Hacker News new | ask | show | jobs
by Perseids 2669 days ago
Since looking into modern concurrency concepts I've always thought such (in my opinion obvious) batching should be part of sophisticated ORM frameworks such as Rails' Active Records. Alas, their design decisions always seem to cater for making the dumb usages more performant (sometimes automagically, sometimes adding huge layers of cruft) than rewarding programmers who are willing to learn a few concepts by creating interfaces with strong contracts with better safety and performance.

E.g. please give me guidance on how to better structure my database model so that it doesn't effectively end up as a huge spaghetti heap of global variables. My personal horror: updating a single database field spurs 20 additional SQL queries creating several new rows in seemingly unrelated tables. Digging in I find this was due to an after_save hook in the database model which created an avalanche of other after_save/after_validation hooks to fire. The worst of it: Asking for how this has come to be I find out that each step of the way was an elegant solution to some code duplication in the controller, some forgotten edge case in the UI, some bug in the business logic. Basically ending up with extremely complex control flows is the default.

So of course, if your code has next to no isolation, batching up queries produces incalculable risks.

/rant, sorry.

1 comments

I agree that with that kind of complexity (or with the belief that that kind of complexity is inevitable) it isn't a great idea. You lose isolation, and if you can't predict which rows will be touched you're hosed.

One mitigating factor, this sort of optimisation should be applied to frequent queries more than expensive queries. In some use-cases the former kind may be simple ("Is this user logged in?") even if the latter is not.

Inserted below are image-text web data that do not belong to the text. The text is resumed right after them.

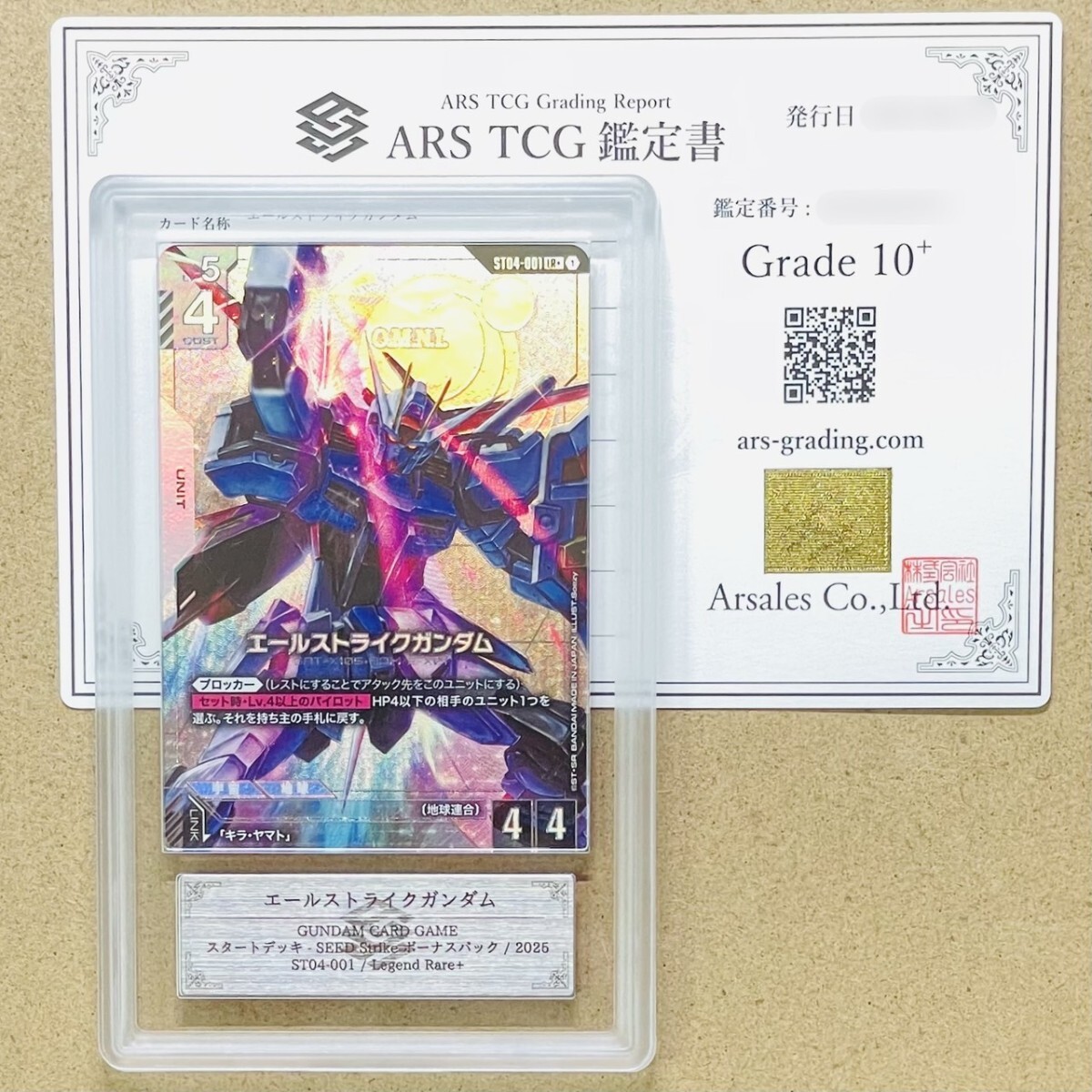 【ARS鑑定 10+】世界に1枚 エールストライクガンダム LR+ ARS鑑定 10+】世界1枚 エールストライクガンダム LR レジェンド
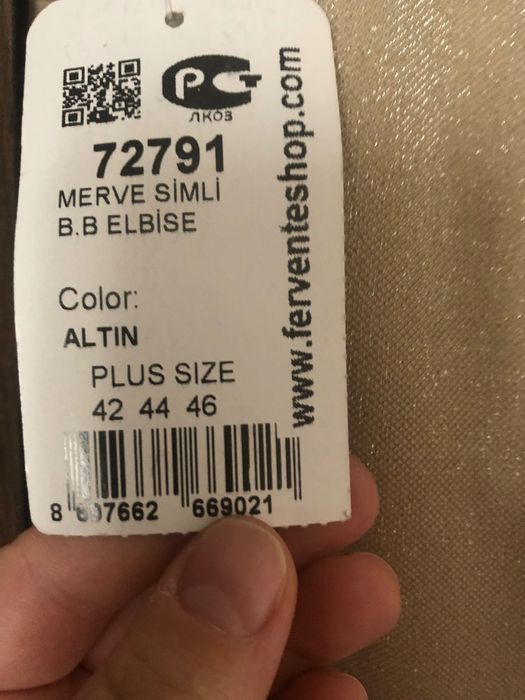 Rochita eleganta de vara de zi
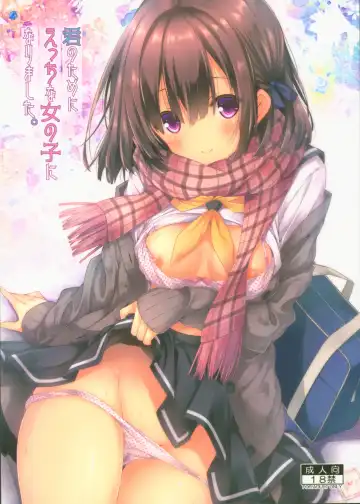 Read [Ryo] Kimi no Tame ni Ecchi na Onnanoko ni Narimashita. - Fhentai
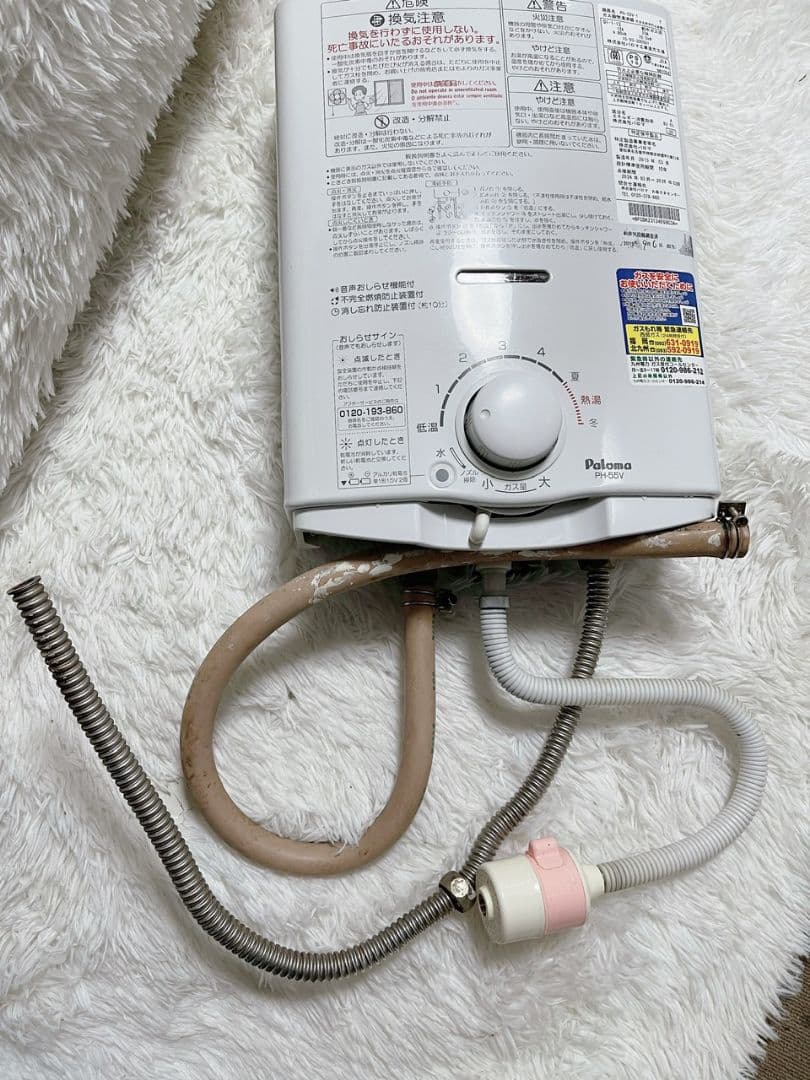 Paloma 都市ガス瞬間湯沸器 PH-55V 2015年製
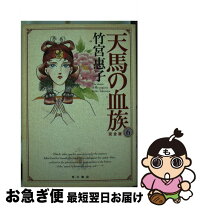 楽天市場】天馬の血族 全巻セットの通販 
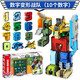 
Live stone digital deformation toy robot King Kong large building blocks children's educational toys boys 3-6th birthday gift Gift box 0-9 numbers [large size + integrated robot] 4 years old 10 years old Children's Day gift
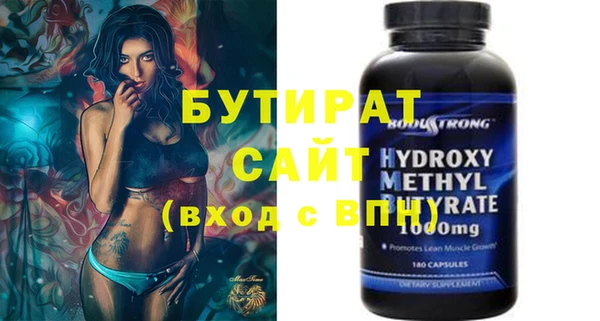 дурь Зеленодольск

And on keeping that complexity down: the traditional story has been "normalise until you only need to update data in one place," but often requirements don't line up well to foreign-key constraints etc. The newer story can work, though: "Denormalise until you only have to update in one place, shunt the complexity to user code, and serialise writes." It's anathema to many, but it is becoming more common (usually in places that don't use RBDMSs though.)